Cet arrêt a fait l’objet d’une signification par exploit d’huissier le 23 juillet 2020 et a été transcrit sur les registres de l’état civil le 15 octobre 2020 en marge de l’acte de mariage des parties.
Il n’a pas été procédé au règlement amiable des intérêts patrimoniaux de Mme [I] [H] et de M. [E] [G].

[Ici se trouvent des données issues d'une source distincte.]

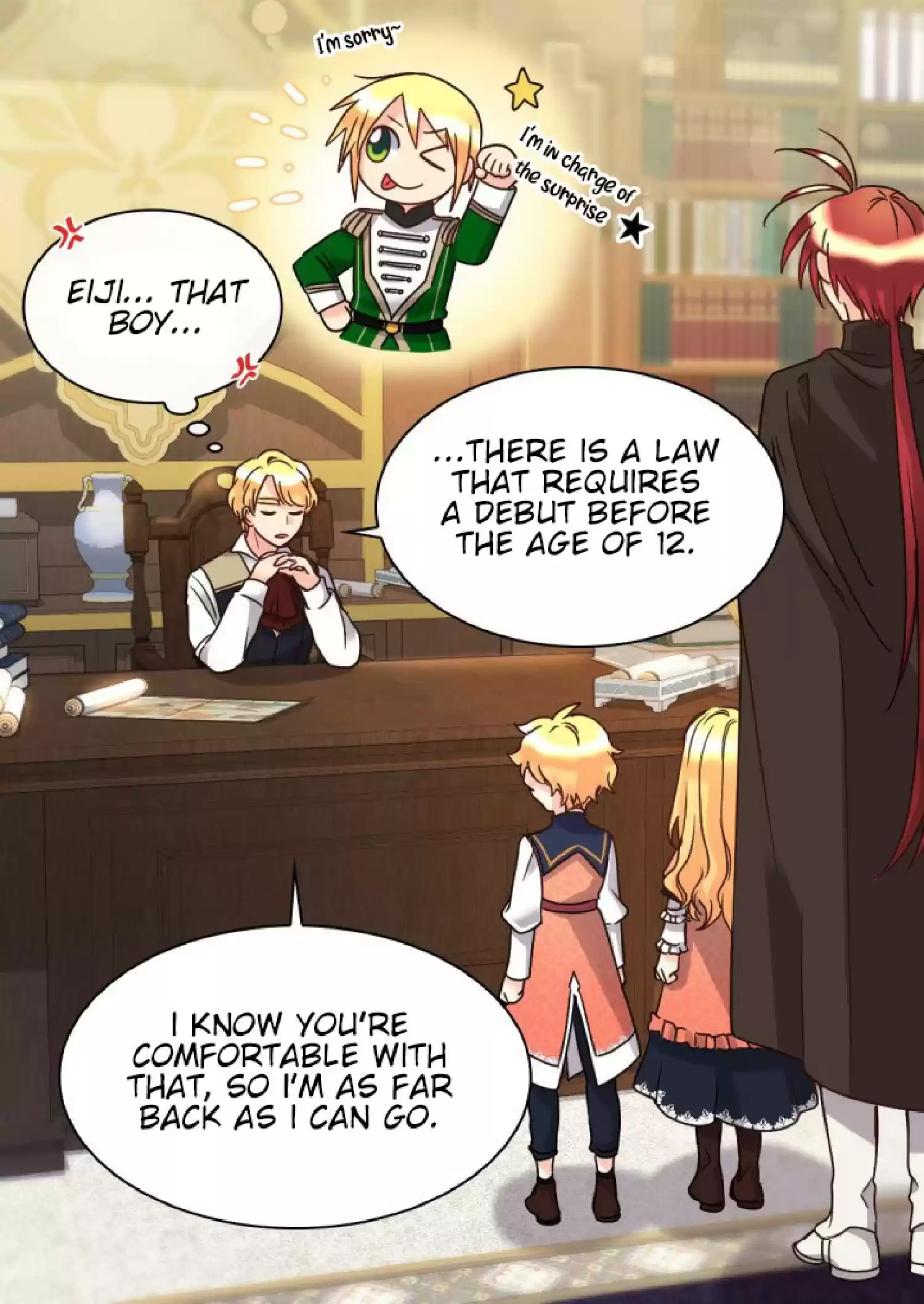 The Twin Siblings’ New Life Chapter 79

C’est dans ce contexte que Mme [I] [H] a, par acte d’huissier du 27 février 2023, fait assigner M. [E] [G] devant le juge aux affaires familiales du tribunal judiciaire de Bobigny (Seine-Saint-Denis) aux fins notamment de voir ordonner l’ouverture des opérations de comptes, liquidation et partage des intérêts patrimoniaux des parties.
En demande,
Aux termes de ses conclusions notifiées par RPVA le 14 décembre 2023, Mme [I] [H] demande au tribunal, au visa de l’article 815 du code civil, de :
— dire et juger Madame [I] [H] recevable et bien fondée en ses demandes
— ordonner l’ouverture des opérations de liquidation et de partage des intérêts patrimoniaux de Madame [I] [H] et de Monsieur [E] [G] et de l’indivision post communautaire.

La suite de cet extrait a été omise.